── Supplied data ──
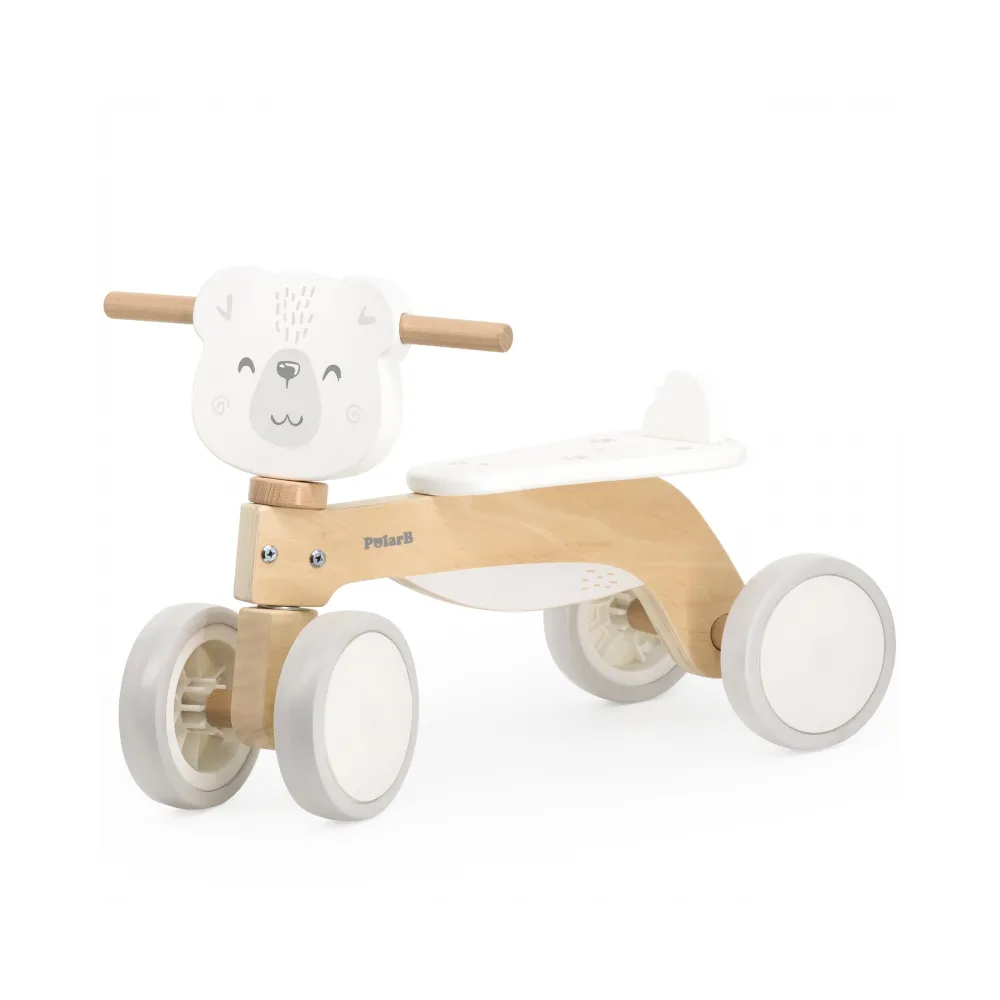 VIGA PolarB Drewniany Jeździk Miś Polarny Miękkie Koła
───
── Supplied data ──
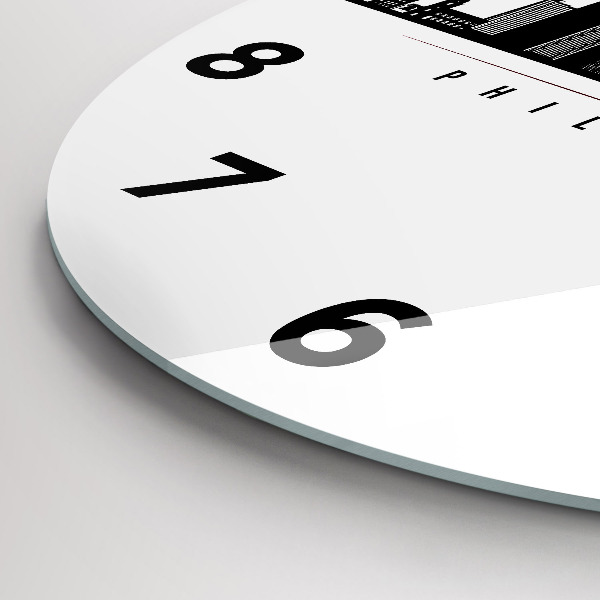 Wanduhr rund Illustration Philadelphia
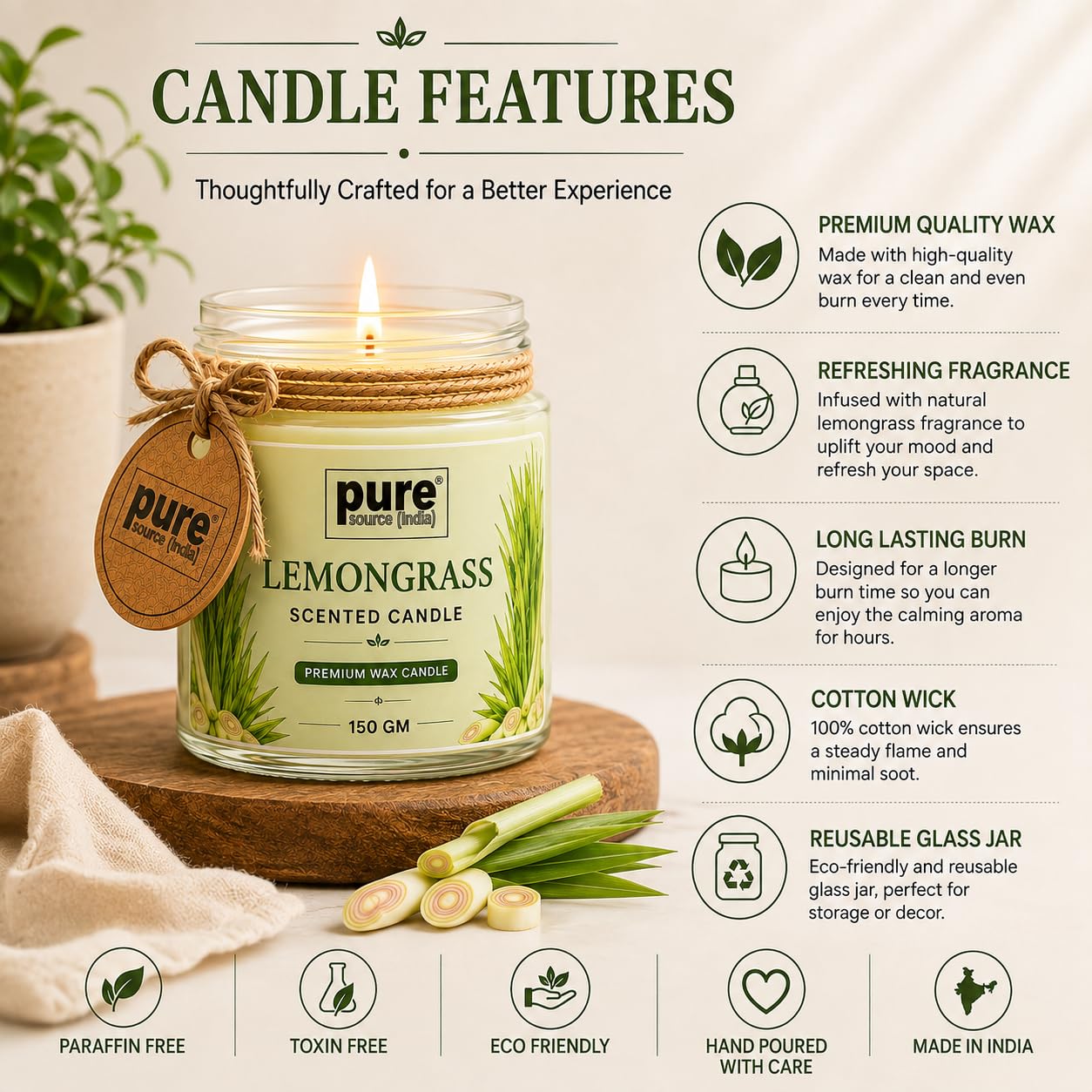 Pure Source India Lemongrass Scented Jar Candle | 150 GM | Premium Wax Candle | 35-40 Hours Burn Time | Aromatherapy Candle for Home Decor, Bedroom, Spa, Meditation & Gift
───
── Supplied data ──
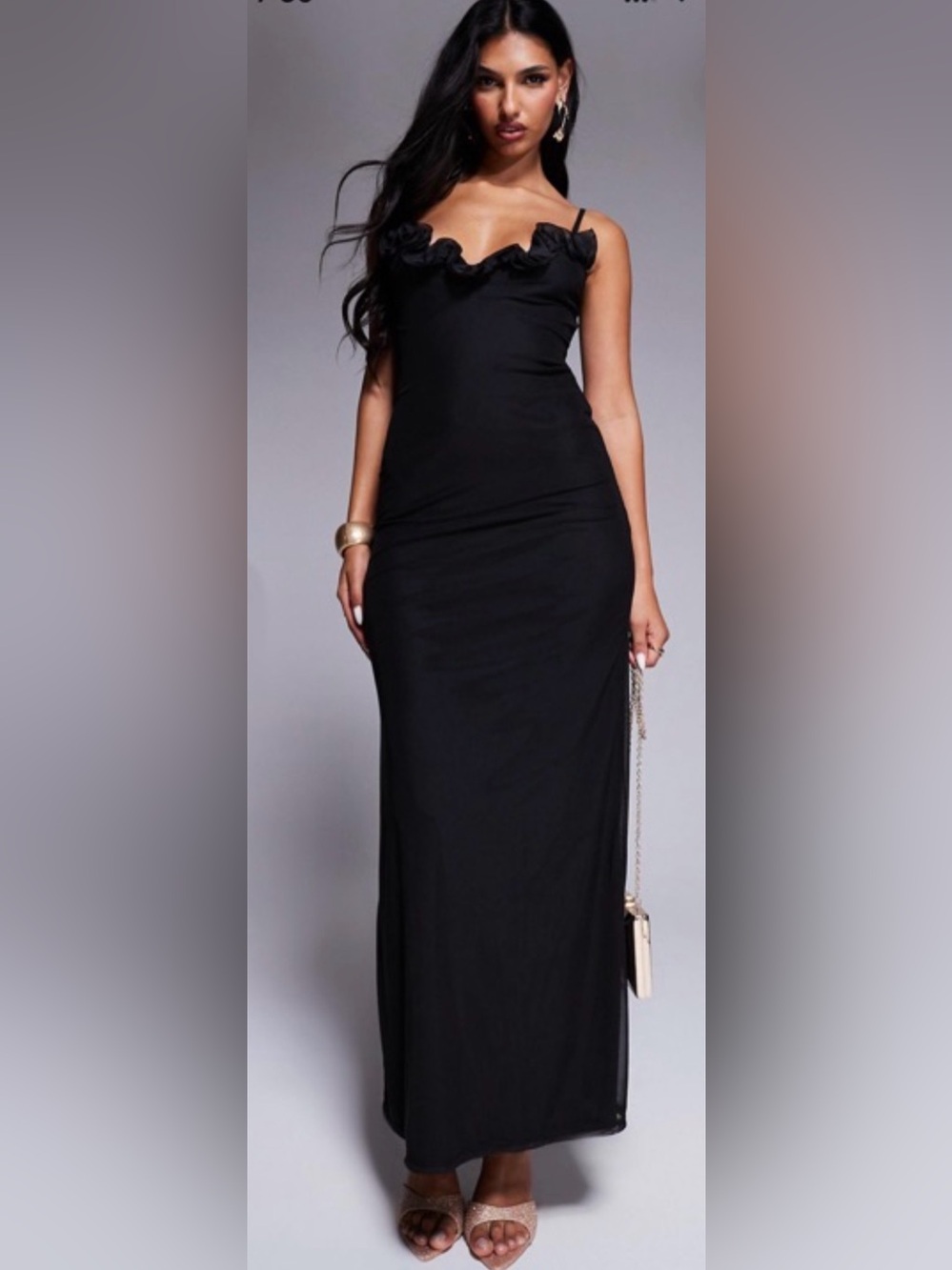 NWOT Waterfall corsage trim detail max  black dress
───
Brief
Could you output exactly the lines above, from the line with "Wanduhr rund Illustration Philadelphia" up to and including the line with "Pure Source India", and nothing else, skipping the pictures?

Response to the exercise
 Wanduhr rund Illustration Philadelphia
 Pure Source India Lemongrass Scented Jar Candle | 150 GM | Premium Wax Candle | 35-40 Hours Burn Time | Aromatherapy Candle for Home Decor, Bedroom, Spa, Meditation & Gift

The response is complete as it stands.